2. Kelompok yang Menjadikan Asyura Sebagai Hari Ratapan
Mereka menjadikan hari itu sebagai momen berkabung atas wafatnya Husain bin Ali. Mereka menangis, meratap, memukul diri, merobek pakaian, bahkan menyebarkan kisah-kisah palsu untuk membangkitkan emosi.

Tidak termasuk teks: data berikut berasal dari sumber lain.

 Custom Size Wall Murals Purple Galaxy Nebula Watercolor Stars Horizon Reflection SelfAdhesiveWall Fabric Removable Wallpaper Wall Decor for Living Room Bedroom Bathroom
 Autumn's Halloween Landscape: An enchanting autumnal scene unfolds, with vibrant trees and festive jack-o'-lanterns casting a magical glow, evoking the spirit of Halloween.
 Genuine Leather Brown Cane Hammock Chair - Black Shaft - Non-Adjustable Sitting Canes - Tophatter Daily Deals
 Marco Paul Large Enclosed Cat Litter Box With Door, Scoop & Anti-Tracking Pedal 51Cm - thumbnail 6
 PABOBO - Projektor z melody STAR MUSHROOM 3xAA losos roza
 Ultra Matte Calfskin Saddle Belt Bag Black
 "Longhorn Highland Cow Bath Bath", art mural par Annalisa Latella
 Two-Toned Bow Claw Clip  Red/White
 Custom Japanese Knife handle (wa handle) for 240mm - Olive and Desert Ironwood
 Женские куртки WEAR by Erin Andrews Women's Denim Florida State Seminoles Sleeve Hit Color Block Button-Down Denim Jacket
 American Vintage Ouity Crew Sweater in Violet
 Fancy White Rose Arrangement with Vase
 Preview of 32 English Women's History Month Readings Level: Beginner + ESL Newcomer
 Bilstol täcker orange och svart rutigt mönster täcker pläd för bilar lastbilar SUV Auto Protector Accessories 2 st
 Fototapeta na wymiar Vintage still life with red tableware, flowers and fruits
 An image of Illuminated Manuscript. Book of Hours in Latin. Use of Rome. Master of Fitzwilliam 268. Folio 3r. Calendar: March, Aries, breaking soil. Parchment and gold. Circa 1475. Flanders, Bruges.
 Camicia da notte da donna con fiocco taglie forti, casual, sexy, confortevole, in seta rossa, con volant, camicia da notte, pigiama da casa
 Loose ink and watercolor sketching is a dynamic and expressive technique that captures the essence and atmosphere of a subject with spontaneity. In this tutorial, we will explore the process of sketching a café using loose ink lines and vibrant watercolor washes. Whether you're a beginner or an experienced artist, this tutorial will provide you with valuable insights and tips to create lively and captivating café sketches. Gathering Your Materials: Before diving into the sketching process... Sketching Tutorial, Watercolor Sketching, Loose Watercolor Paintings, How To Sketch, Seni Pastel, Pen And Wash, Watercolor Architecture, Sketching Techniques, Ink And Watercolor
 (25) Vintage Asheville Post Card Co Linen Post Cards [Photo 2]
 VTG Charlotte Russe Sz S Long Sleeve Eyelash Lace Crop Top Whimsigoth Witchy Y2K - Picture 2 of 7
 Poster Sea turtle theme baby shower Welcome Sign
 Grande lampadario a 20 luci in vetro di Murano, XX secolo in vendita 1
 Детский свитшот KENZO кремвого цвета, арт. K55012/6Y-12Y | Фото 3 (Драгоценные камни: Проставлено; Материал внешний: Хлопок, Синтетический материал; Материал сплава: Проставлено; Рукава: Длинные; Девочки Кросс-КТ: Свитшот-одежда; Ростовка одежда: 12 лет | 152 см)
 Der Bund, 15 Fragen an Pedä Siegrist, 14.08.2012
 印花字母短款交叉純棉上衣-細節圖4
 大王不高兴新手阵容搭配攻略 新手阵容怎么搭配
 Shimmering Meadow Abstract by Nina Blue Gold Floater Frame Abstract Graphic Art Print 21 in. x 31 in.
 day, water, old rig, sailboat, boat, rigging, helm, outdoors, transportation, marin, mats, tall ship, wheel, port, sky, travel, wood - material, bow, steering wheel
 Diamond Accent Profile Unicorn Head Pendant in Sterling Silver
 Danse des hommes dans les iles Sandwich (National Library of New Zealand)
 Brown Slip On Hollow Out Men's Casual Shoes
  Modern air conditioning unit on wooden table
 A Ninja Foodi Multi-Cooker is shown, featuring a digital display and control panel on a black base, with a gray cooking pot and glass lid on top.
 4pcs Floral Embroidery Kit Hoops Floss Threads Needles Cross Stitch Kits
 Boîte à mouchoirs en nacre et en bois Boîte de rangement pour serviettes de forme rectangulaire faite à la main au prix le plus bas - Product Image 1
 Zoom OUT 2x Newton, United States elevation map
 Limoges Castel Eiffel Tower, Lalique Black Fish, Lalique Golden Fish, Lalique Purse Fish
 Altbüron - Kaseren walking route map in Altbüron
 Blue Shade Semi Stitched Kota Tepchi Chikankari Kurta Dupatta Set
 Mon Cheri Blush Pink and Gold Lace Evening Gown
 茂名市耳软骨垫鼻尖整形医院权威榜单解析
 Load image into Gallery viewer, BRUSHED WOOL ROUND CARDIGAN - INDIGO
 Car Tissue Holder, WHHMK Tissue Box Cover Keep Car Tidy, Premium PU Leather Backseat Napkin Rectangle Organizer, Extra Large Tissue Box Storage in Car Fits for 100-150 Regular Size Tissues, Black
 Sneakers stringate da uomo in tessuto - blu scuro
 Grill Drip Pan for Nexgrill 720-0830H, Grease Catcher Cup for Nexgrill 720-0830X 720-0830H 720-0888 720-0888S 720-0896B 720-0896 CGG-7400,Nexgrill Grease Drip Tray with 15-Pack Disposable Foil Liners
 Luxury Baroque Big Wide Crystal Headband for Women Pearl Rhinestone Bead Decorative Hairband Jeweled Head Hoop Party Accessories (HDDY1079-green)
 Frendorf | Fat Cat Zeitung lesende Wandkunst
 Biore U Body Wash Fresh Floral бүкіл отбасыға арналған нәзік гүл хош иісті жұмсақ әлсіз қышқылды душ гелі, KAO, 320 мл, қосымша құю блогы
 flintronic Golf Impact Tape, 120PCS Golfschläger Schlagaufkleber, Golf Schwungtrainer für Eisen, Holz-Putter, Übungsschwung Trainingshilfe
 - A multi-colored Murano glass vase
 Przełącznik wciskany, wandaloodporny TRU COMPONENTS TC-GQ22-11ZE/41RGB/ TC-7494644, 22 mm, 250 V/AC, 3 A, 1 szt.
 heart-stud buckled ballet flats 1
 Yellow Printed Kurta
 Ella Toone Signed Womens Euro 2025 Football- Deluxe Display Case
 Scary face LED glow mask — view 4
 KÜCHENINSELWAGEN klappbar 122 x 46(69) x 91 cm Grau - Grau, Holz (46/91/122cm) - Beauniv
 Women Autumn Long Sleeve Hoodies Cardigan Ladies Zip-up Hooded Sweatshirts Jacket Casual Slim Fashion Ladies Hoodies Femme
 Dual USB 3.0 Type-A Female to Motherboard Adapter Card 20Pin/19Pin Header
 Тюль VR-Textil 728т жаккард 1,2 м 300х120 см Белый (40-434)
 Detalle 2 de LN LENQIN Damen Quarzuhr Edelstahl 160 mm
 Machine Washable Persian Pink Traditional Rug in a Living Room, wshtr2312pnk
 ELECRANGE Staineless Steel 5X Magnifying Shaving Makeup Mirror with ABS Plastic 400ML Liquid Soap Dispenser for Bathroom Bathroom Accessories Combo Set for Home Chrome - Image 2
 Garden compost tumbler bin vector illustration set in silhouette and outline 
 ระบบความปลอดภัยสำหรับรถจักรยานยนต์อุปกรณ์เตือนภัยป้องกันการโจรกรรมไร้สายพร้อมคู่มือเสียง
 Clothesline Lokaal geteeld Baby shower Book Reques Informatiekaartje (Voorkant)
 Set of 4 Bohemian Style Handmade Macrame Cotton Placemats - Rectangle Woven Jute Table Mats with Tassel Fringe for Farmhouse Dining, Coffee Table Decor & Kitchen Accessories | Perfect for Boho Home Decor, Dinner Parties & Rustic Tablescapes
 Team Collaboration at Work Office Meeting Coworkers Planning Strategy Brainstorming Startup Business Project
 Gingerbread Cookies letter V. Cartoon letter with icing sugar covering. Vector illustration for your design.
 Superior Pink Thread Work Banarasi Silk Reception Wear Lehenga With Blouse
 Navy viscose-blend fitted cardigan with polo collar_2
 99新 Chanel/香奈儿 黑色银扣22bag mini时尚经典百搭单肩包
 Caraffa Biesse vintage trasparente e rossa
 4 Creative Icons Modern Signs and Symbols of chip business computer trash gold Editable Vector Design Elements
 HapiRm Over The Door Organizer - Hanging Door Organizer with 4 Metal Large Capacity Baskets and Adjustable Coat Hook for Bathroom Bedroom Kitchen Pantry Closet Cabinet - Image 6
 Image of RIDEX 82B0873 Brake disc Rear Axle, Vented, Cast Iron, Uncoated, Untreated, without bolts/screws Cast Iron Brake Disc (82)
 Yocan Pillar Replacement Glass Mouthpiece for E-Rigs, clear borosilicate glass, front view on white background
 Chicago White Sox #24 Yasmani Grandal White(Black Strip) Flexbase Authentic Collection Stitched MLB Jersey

Perbuatan ini justru menyerupai tradisi jahiliyah dan membuka pintu fitnah serta perpecahan di tengah umat. Nabi ﷺ telah memperingatkan tentang kelompok semacam ini:
> “Mereka membunuh kaum muslimin, namun membiarkan penyembah berhala. Mereka keluar dari Islam seperti anak panah menembus buruannya. Jika aku menjumpai mereka, sungguh akan aku perangi seperti kaum ‘Ad diperangi.”
(HR. Bukhari no. 4351 dan Muslim no. 1064)
✅ Sikap Ahlus Sunnah: Mengikuti Tuntunan Nabi
Kaum Ahlus Sunnah wal Jama’ah berpegang teguh pada sunnah Rasulullah ﷺ. Mereka tidak menambah-nambahi amalan ibadah di bulan Muharram, kecuali apa yang telah disyariatkan — yaitu berpuasa pada hari Asyura, dan jika mampu, juga pada tanggal 9 (Tasua) untuk menyelisihi kaum Yahudi.
Tidak ada ibadah khusus lain di hari Asyura seperti:
Menghidupkan malamnya
Memakai celak atau parfum khusus
Merayakan atau meratapi peristiwa tertentu
Semua itu tidak pernah diajarkan oleh Nabi ﷺ.
📌 Kesimpulan
Bulan Muharram memang bulan yang mulia. Namun kemuliaannya tidak boleh dinodai dengan amalan yang tidak berdasar. Marilah kita beribadah sesuai tuntunan Nabi ﷺ, karena itulah jalan keselamatan dan kebenaran.
Wallahu a’lam bish-shawab.
🔗 Selengkapnya baca di Muslim.or.id
(gwa-saudara-muslim-2).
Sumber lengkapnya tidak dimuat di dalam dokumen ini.